Immatics’ PRAME T-cell engager improves

Last year, Immatics failed to impress with its PRAME-targeting T-cell engager IMA402, but the company is back with updated phase 1 results that cast the project in a better light. Specifically, Immatics last year reported a 5% ORR among 21 patients receiving 0.02-4mg, while on Wednesday it revealed a 30% confirmed ORR among 20 patients receiving 10-30mg.

Immatics also presented more results with its MAGEA4/8 T-cell engager IMA401, which appear to confirm that project’s promise, despite it previously being abandoned by Bristol Myers Squibb. However, the main focus for this asset is as part of a combination with IMA402.

As well as evaluating the IMA402/IMA401 combo, initially in squamous NSCLC, Immatics will also pursue IMA402 in cutaneous melanoma and gynecologic cancers. The first step will be confirming the go-forward IMA402 dose: Immatics will evaluate two doses within the 10-30mg range in phase 1b expansion cohorts; it believes these cohorts could later be converted to phase 2 trials, which could then support regulatory filings.

The group also disclosed plans to test IMA402 in first-line melanoma, in combination with checkpoint inhibitors, and platinum-sensitive ovarian cancer, alongside standard of care.

Late line

The latest IMA402 data, however, have come in heavily pretreated solid tumour patients, with a median of three prior therapies.

At a cutoff date of 26 September, 80 patients have been treated with various doses of IMA402; 20 of these received 10-30mg and were efficacy evaluable.

Among this group, there were six responses, four in melanoma, and two in ovarian cancer. Notably, all the melanoma patients were checkpoint inhibitor resistant, and all the ovarian patients were platinum resistant.

In post-checkpoint inhibitor melanoma, Iovance’s TIL therapy Amtagvi has produced an ORR of 32%, according to its label – but this number is likely flattered by patient exclusions.

IMA402 activity in phase 1

Source: company presentation.

Immatics described IMA402 as well tolerated; however, there were two dose-limiting toxicities, both at lower doses tested, 0.08mg and 0.3mg. The first was a case of grade 4 cytokine release syndrome, which the company put down to a high starting dose. It’s since modified its dosing steps, and said it hasn’t seen any grade 4 CRS since.

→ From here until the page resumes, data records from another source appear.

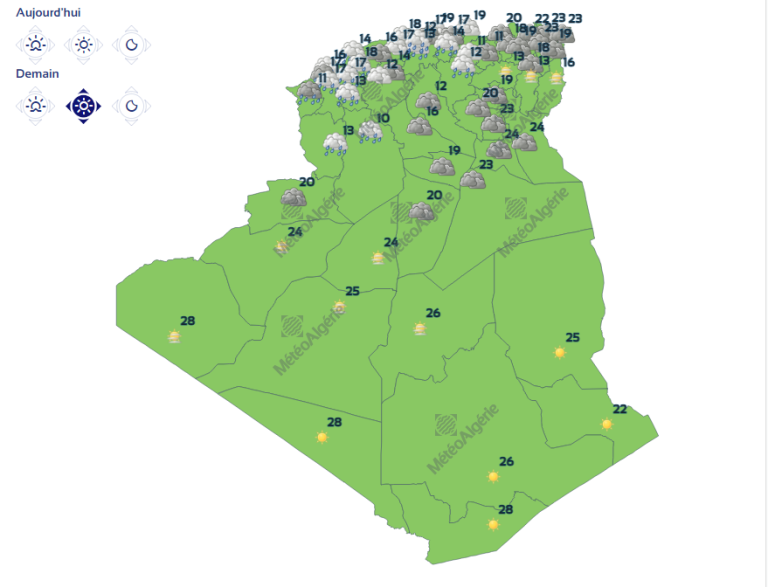 توقعات الأرصاد الجوية عودة الأمطار الغزيرة وانخفاض في درجات الحرارة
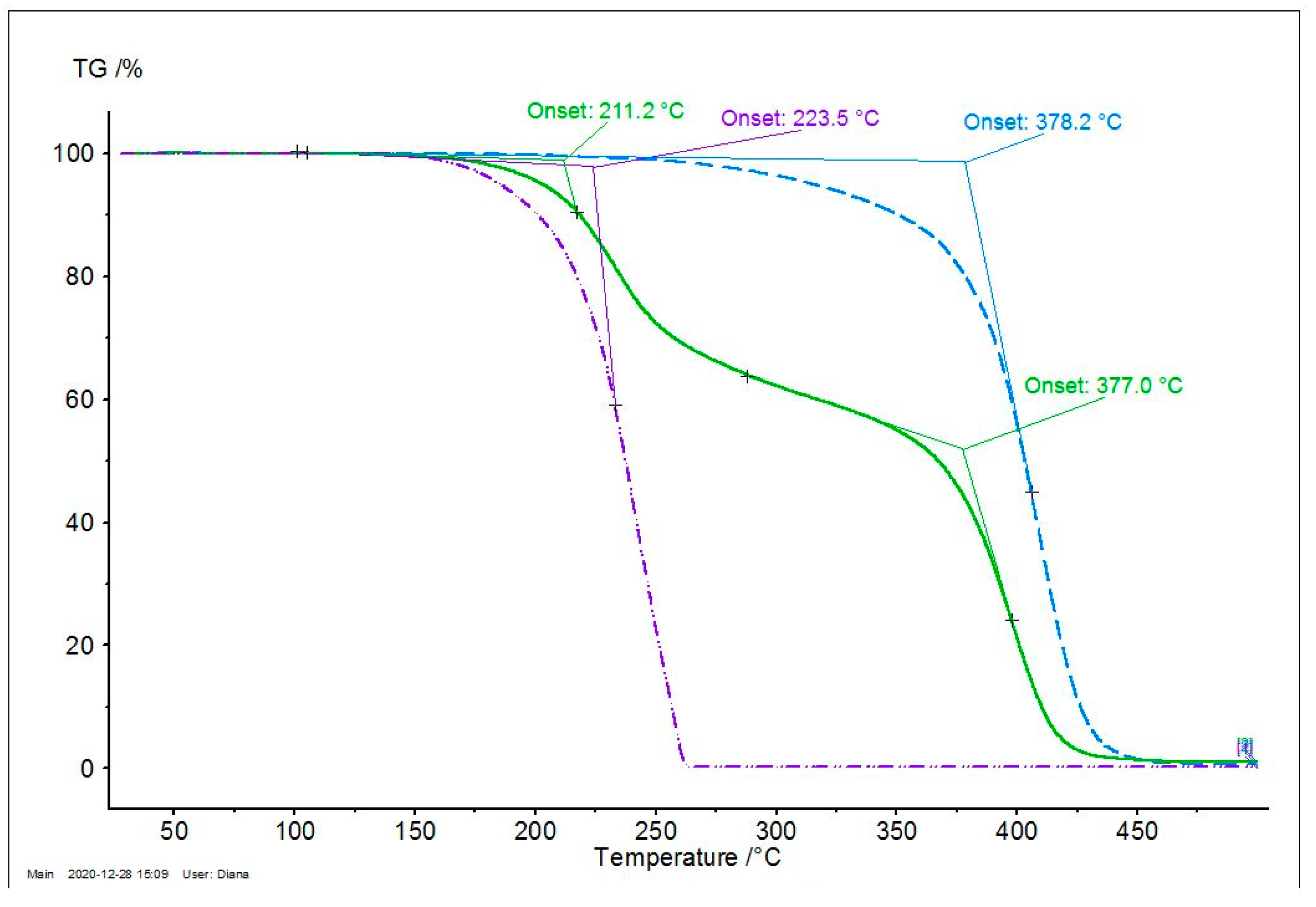 Processes 09 00232 g005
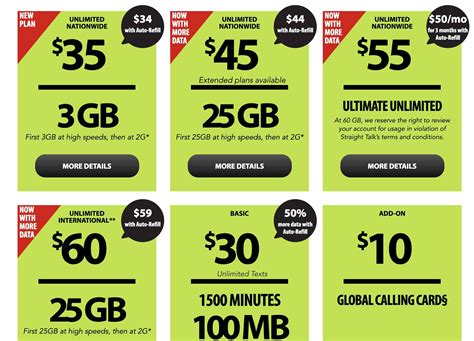 gotpone|Prepaid Phone Plans & Devices: No Contract, Pay As You Go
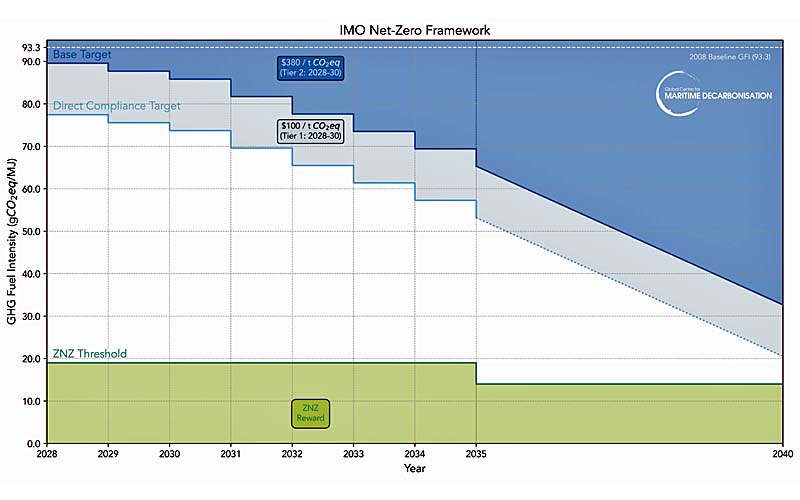 gcmd-graph GHG graph (GCMD)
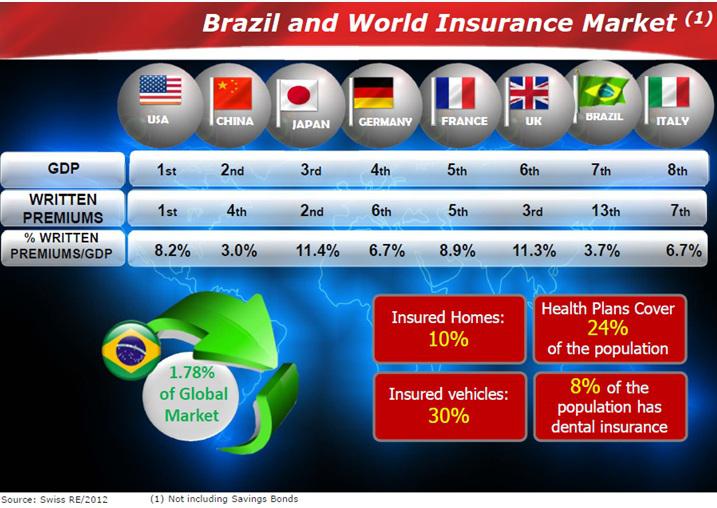 Infrastructure Bank of the Year – Brazil: Bradesco BBI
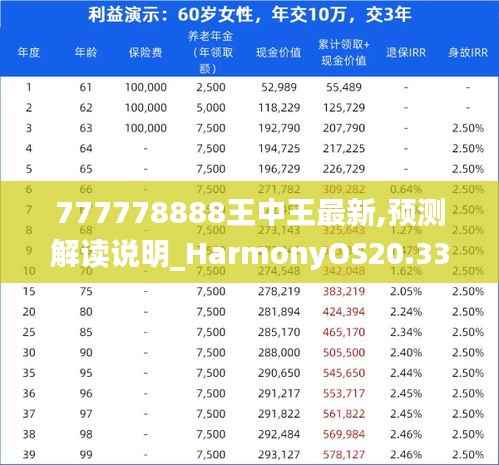 777778888王中王最新,预测解读说明_HarmonyOS20.331-8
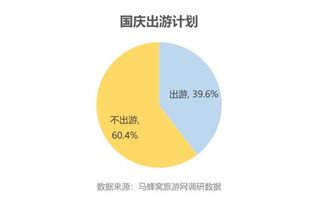 带着电脑去旅行,国庆7成白领在旅途中工作 过半称错峰或不出行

The other DLT was a grade 3 renal adverse event, but Immatics execs noted on a conference call that the patient had come into the trial with an existing renal injury.

Cell therapy vs bispecific

Immatics is also developing a PRAME-targeting engineered T-cell receptor anzutresgene autoleucel (anzu-cel, previously known as IMA203). That has produced an ORR of 56% in heavily pretreated melanoma, and is currently in the phase 3 Suprame trial in relapsed cutaneous melanoma, with Immatics recently starting a phase 2 uveal melanoma cohort in its phase 1/2 trial.

The Immatics execs noted that, given that cell therapy is more arduous to administer, it sees anzu-cel mainly being used in later lines, while IMA402 could be more suited to earlier lines; as well as front-line metastatic disease, the company also raised the possibility of going into adjuvant and neoadjuvant settings with the T-cell engager.

However, Immatics believes IMA402 could also have utility in later lines, and believes that having two different modalities aimed at the same target could give it “versatility”.

Investors seemed inclined to agree, with Immatics’ stock climbing 17% on Wednesday.